_How to complete this task_
From the line that contains "AlphaZoo - P Is For Penguin and Pine Tree" down to the last line of the data below, transcribe every line exactly.

[Collected data entries]
# # # # # # #
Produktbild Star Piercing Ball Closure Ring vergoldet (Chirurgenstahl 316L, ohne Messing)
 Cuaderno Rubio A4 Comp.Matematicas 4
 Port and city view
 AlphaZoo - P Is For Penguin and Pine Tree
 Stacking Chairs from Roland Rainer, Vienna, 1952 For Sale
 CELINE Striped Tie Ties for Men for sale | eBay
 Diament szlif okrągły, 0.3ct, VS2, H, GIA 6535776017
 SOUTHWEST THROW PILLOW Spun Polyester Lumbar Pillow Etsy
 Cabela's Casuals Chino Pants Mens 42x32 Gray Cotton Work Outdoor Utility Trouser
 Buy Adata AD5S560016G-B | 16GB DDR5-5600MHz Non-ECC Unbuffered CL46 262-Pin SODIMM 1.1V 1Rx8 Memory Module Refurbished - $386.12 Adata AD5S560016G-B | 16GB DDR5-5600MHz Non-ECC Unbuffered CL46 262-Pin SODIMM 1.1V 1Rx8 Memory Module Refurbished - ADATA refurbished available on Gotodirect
# # # # # # #
_Response area_
 AlphaZoo - P Is For Penguin and Pine Tree
 Stacking Chairs from Roland Rainer, Vienna, 1952 For Sale
 CELINE Striped Tie Ties for Men for sale | eBay
 Diament szlif okrągły, 0.3ct, VS2, H, GIA 6535776017
 SOUTHWEST THROW PILLOW Spun Polyester Lumbar Pillow Etsy
 Cabela's Casuals Chino Pants Mens 42x32 Gray Cotton Work Outdoor Utility Trouser
 Buy Adata AD5S560016G-B | 16GB DDR5-5600MHz Non-ECC Unbuffered CL46 262-Pin SODIMM 1.1V 1Rx8 Memory Module Refurbished - $386.12 Adata AD5S560016G-B | 16GB DDR5-5600MHz Non-ECC Unbuffered CL46 262-Pin SODIMM 1.1V 1Rx8 Memory Module Refurbished - ADATA refurbished available on Gotodirect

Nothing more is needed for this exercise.